Split a list in half

Question

I need to define divide so that List [1,2,3,4,5] divides into:

a = [1,2,3}

b = [4,5]

I\'m getting an error that says \"

Answer 1

append is a pre-defined predicate, so that might be the issue: http://en.wikibooks.org/wiki/Prolog/Lists#The_append_predicate

You also never defined 'N' in lengthIs - you need to set the empty list as 0, not N/ There's likely also a size function

The underscore tells Prolog we don't care about that bit in that predicate definition.

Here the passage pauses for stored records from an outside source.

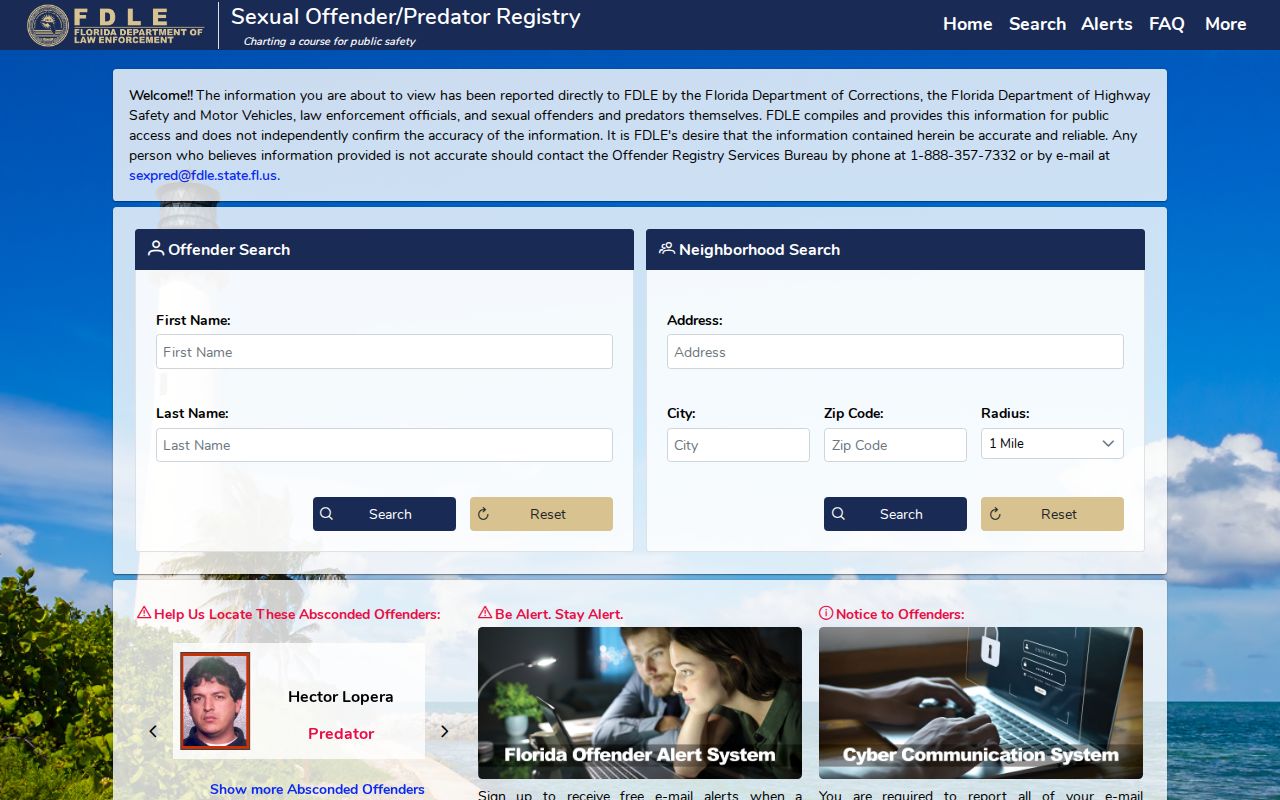 FDLE registry search for lawful Fort Lauderdale resident lookup verification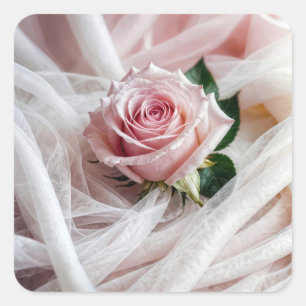 Adesivo Quadrado Rosa de casamento rosa em tule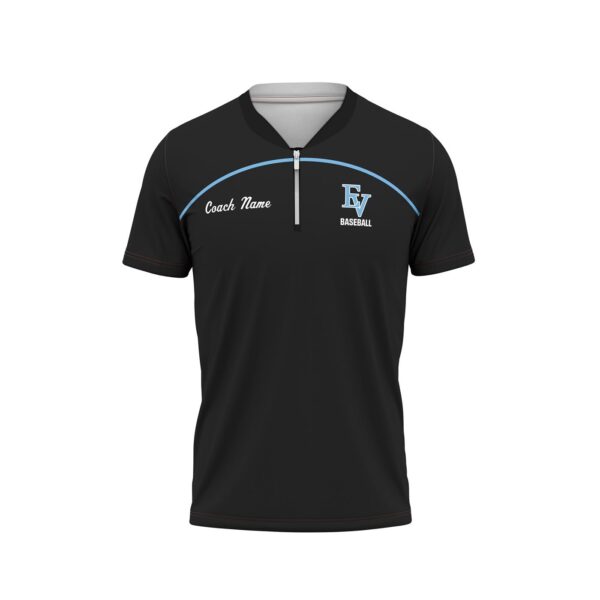 Batting Jacket - Quarter Zip Pullover - Short Sleeve front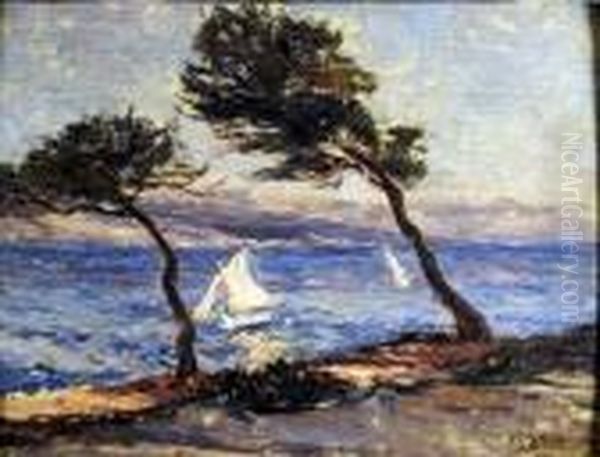 [voilier Au Cap Martin Oil Painting by Jean Van Den Eeckhoudt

Something like this should work

divide(L1,L2,L3):- append(L2,L3,L1), 
                   samesize(L2,L3).
divide(L1,L2,L3):- append(L2,L3,L1), 
                   onebigger(L2,L3).
samesize(A,B):-    size(A,N),
                   size(B,N).
onebigger(A,[_|T]):-   size(A,N), 
                   size(T,N).
size([],0).
size([H|T],N):-    size(T,M+1).

Answer 2

No need to check sizes. Just do it like this:

div([],[],[]).
div([A],[A],[]).
div([A,B|T],[A|X],[B|Y]) :- div(T,X,Y).

Answer 3

Let's give the predicate a more relational name: list_half_half/3

list_half_half(Xs, Ys, Zs) :-
   length(Xs, N),
   H is N - N // 2,
   length(Ys, H),
   append(Ys, Zs, Xs).

length/2 and append/3 are predefined in practically all recent Prologs.

This is GNU Prolog:

| ?- append(L,_,[a,b,c,d]), list_half_half(L,H1,H2).

H1 = []
H2 = []
L = [] ? ;

H1 = [a]
H2 = []
L = [a] ? ;

H1 = [a]
H2 = [b]
L = [a,b] ? ;

H1 = [a,b]
H2 = [c]
L = [a,b,c] ? ;

H1 = [a,b]
H2 = [c,d]
L = [a,b,c,d]

Answer 4

Another answer, uses Backtracking a lot, isn't very performant, though. append and length are assumed to be predefined:

divide(A,B,C):-
    append(B,C,A),
    length(B,B_Length),
    length(C,C_Length),
    (B_Length = C_Length;
        B_Length =:= C_Length +1).

Oh, sorry, just have seen that this is sort of a rephrasing of the answer from Philip Whitehouse.

Answer 5

This is how I did it. Almost no built-ins:

split_list_in_half( Xs , H , T ) :-
  list_length( X , L ) ,
  LL = L - (L // 2) ,
  take_first( Xs , LL , H , T ) ,
  .

list_length( L , N ) :-
  list_length( L , 0 , N )
  .

list_length( [] , N , N ).
list_length( [X|Xs] , T , N ) :-
  T1 is T+1 ,
  list_length( Xs , T1 , N )
  .

take_first( Xs , N , Pfx , Sfx ) :-
  take_first( Xs , N , [] , P1 , Sfx ) ,
  reverse( P1 , Pfx )
  .

take_first( []     , _ , H  , H , []     ).
take_first( [X|Xs] , 0 , H  , H , [X|Xs] ).
take_first( [X|Xs] , N , H1 , H , T      ) :-
  N > 0    ,
  N1 = N-1 ,
  take_first( Xs , N1 , [X|H1] , H , T )
  .

Answer 6

This is the most efficient solution conforming to your specification for most Prolog implementations:

divide(L, A, B) :-
    divide1(L, L, A, B).

divide1([], L, [], L).
divide1([_|T], [H|L], [H|A], B) :-
    divide2(T, L, A, B).

divide2([], L, [], L).
divide2([_|T], L, A, B) :-
    divide1(T, L, A, B).

If you don't mind which elements go into the sublists as far as they are of similar length (as in the solution from Konstantin Weitz post), then you can use :

divide([], [], []).
divide([H|T], [H|A], B) :- divide(T, B, A).